With The Dark Pool, I intended to dramatize the fact that actions taken by stock traders and financiers have a profound impact on ordinary people far from the proverbial trading floor. As Antwon thinks when he begins to understand what happened to him: “Here in the fancy well-heated office, everything seemed calm. But out in the cold real world, blood ran in the streets.”
A note about plausibility. Q Scores, which play an essential role in the plot, are real. Wikipedia defines them as “a measurement of the familiarity and appeal of a brand, company, celebrity, or television show.” Dark pools, another essential plot element, are equally real. Wikipedia defines them as “trading volume or liquidity that is not openly available to the public.” Earlier this year, Bloomberg News reported that dark pools accounted for nearly a billion shares traded in January 2012 alone — 13.5 percent of all stock trades that month.

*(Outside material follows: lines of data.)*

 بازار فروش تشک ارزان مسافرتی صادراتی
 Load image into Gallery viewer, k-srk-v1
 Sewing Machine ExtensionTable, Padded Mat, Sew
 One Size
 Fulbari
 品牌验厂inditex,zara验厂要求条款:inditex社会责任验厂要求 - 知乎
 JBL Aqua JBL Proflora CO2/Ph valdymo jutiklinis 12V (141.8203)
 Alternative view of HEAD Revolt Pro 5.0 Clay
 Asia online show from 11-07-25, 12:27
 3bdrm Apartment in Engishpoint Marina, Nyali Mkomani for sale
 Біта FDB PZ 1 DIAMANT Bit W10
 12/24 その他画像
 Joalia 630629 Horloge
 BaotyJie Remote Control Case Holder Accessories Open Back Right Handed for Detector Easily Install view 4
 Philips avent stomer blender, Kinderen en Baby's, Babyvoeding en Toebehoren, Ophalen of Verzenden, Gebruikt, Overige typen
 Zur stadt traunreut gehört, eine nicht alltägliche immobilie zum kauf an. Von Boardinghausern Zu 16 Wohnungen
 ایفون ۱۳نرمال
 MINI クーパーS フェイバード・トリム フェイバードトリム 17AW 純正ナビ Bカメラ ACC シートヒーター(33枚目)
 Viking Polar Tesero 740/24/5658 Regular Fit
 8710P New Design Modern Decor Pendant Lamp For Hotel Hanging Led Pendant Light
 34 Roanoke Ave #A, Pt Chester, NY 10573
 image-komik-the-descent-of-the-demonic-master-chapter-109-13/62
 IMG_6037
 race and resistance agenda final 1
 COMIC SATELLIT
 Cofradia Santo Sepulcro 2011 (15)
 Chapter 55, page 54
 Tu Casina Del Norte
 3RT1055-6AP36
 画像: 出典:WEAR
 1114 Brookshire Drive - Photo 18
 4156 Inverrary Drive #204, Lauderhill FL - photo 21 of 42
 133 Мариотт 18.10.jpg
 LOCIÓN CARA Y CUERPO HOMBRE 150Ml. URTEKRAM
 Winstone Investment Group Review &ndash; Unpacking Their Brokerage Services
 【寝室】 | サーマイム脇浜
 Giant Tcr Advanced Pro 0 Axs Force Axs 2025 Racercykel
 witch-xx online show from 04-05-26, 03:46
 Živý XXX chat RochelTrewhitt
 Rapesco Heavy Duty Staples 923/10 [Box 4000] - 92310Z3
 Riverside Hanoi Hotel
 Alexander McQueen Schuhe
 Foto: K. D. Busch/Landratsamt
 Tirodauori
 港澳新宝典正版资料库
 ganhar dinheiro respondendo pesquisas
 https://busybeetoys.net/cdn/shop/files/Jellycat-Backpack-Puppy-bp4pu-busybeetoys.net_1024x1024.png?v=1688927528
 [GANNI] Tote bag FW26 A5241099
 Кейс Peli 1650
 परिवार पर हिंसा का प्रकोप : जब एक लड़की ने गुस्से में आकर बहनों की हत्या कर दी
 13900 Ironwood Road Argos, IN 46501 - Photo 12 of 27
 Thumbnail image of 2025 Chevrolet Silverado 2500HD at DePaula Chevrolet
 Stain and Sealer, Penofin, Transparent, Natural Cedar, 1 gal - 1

For the most part these pools have been left unregulated. But, as history shows, plans hatched in darkness often prove terrifying in the light of day.
Shoog’s single-minded dedication to the kids on his football team has yielded a record-setting string of championships for Harriet Tubman High, a Bronx public school in a tough neighborhood. But Shoog doesn’t quite do it alone. His brother Freddie, a successful money manager, funds the program through a secret donor, which keeps the impoverished team in uniforms and transportation. Encouraged by Shoog’s success, Freddie wants more for his brother. He wants him to move up to a bigger league — college football — but Shoog resists. The coach takes seriously how much his players rely upon him, and he can’t imagine leaving them. When one of his players is harmed and another stands accused, however, the worldview that Shoog built for himself starts to crack. In order to salvage his reputation and protect his kids, he’ll first have to risk his own skin.
Coach Clay rescued Antwon Meeps from a life of poverty and likely failure, building him into a star running back with a big-time college scholarship coming after graduation. But Antwon made a tragic decision over Christmas break. That mistake has unleashed a chain of events that threatens not only to shatter his dreams, but to destroy everything and everyone he loves. Only Coach Clay can help Antwon save himself. Yet at the crucial moment, the teenager learns something that calls into question all previous assumptions about his mentor. Now he must decide whether to run for his life or to stand and fight for everything he once believed in.
To guard against emotional involvement in the trading schemes he holds most dear, this hedge fund manager has given himself a moniker that represents his coldly calculated conviction that the value of all markets eventually reverts to their mean. The Mean is a loner who maintains a veil of secrecy around everything he does. Few get to visit his Greenwich mansion. No one knows about his secret pet, a creature from the ocean’s greatest depths. And only his partner, the firm’s risk manager, grasps the full extent of his investments. But when the most secret of all those investments threatens to sour, The Mean stands to lose much more than money.
This Arkansan investor lives large, but for him nothing is ever large enough. His boundless wanting of material things, of adventure, and of a cherished spot on the Forbes 400 has led him to his latest scheme — the creation of a dark pool that he plans to sit astride like a one-man financial colossus. Problem is that even the great Chalmer Jagus can’t control every aspect of his budding empire. For one thing, some people refuse to be bought. And for another thing, some people refuse to die.